El club de los desahogados

Francisco Esquivel

Francisco Esquivel

Al poco de sufrir un fracaso parlamentario y en la antesala de visitar Milei el Vaticano, el politólogo Andrés Malamud señaló que ojo: «Puede andar loco, pero no es tonto. Cuenta con cierta inteligencia para los movimientos tácticos. Preparado para lo que venga tiene plan A, B y C». Y remachó: «Él almacena fe. Pero la fe política se consume; la religiosa no, por lo que apuesta a que la gente no deje de creer aunque las cosas le vayan mal. A pesar de la sequía algún día llegará la lluvia, hay que seguir rezando. La cuestión es que a la política la gente le pide soluciones; a la religión, no: espera consuelo».
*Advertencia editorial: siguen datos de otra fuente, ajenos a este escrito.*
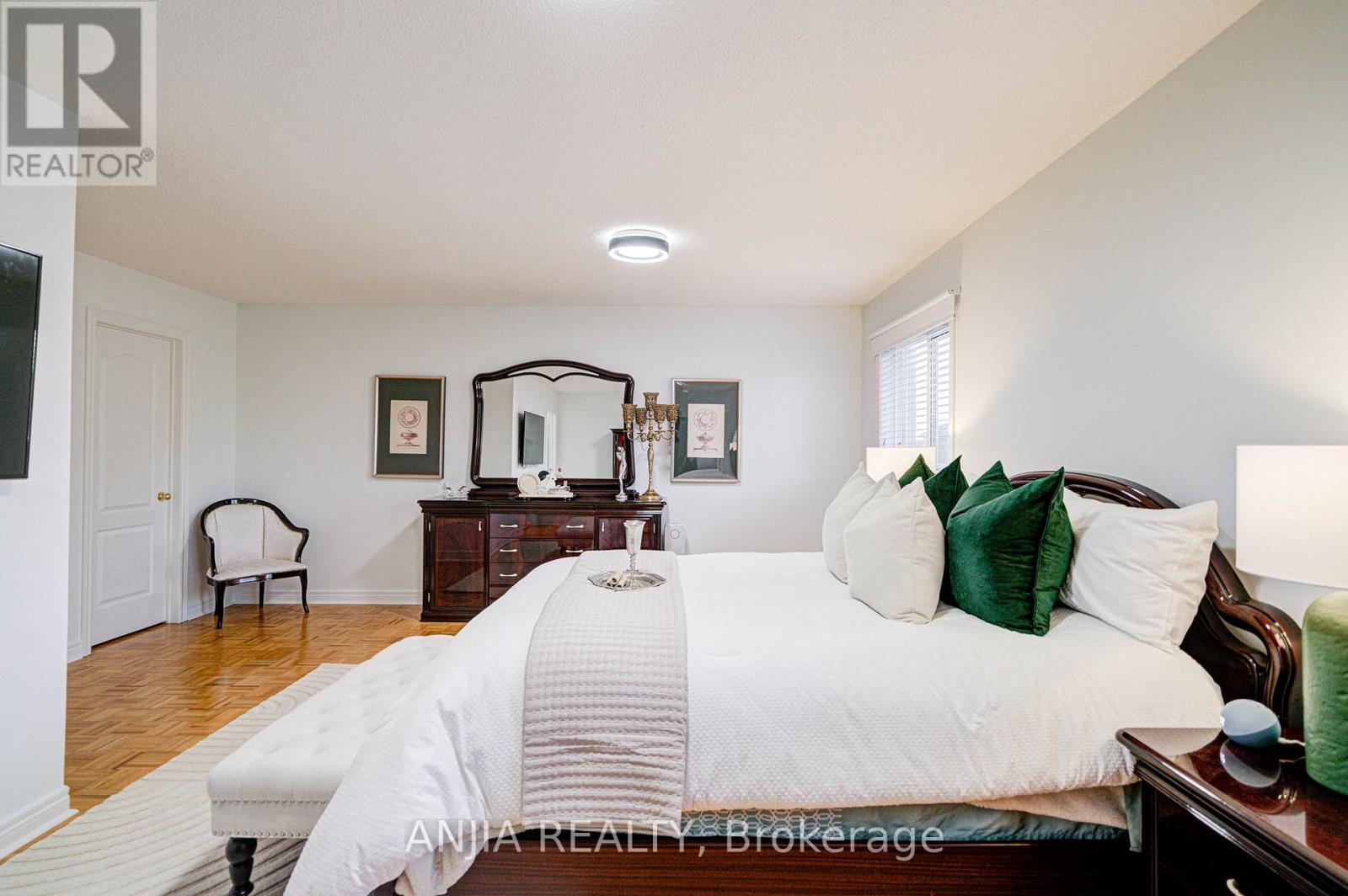 97 Blackthorn Drive, Vaughan, Ontario  L6A 3N2 - Photo 29 - N12439831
En escasas ocasiones me he encontrado con un diagnóstico tan bien trazado. Apenas realizado ya estaba el presidente argentino haciendo genuflexiones ante Bergoglio después de llamarle de todo en su desenfrenada carrera hacia la Casa Rosada, desde «representante del maligno en la Tierra ocupando el trono de la casa de Dios» hasta «personaje impresentable y nefasto, un jesuita que promueve el comunismo estando del lado de dictaduras sangrientas». Por todo ello contó quizá con una audiencia más amplia que las concedidas a Kirchner y a Macri, entre otros, de la que el singular Javier salió espitoso asegurando que «le expliqué todo, me entendió a la perfección». Ni que decir tiene que la Santa Sede guardó silencio al respecto dando por sentado que, tras lo acontecido, el Papa tiene el cielo ganado.
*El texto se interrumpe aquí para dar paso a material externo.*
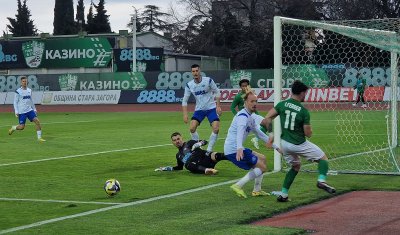 Берое и Септември София поделиха точките след нулево равенство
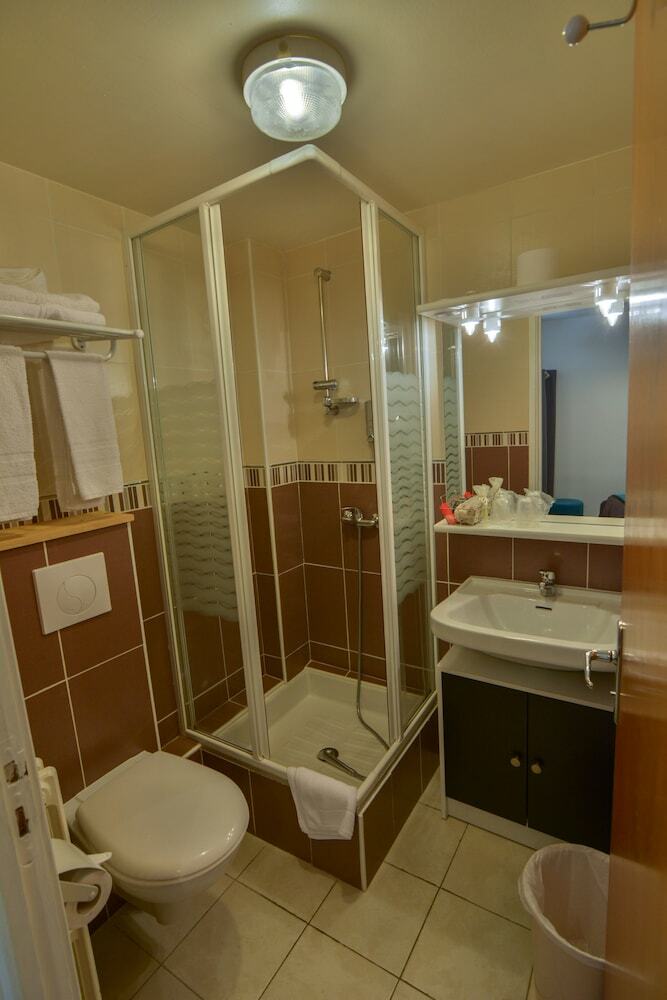 Hotel H�tel La Mayt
El sujeto que lleva las riendas en Argentina es de lo que no hay. Diez años atrás dejó de ser hincha de Boca «por una decisión populista» -¡olé!- tomada por el máximo mandatario del club y, fruto de ello, confesó haber gritado de alegría cuando River le marcó el segundo en el Bernabéu al eterno rival en la final de la Libertadores. Fijo que si el pontífice llega a pedirle que se hiciese de San Lorenzo le hubiera enseñado que llevaba la camiseta puesta. Como dijo Borges, «El cielo y el infierno me parecen desproporcionados: las acciones de los hombres no merecen tanto». Salvo las de un buen ramillete, maestro.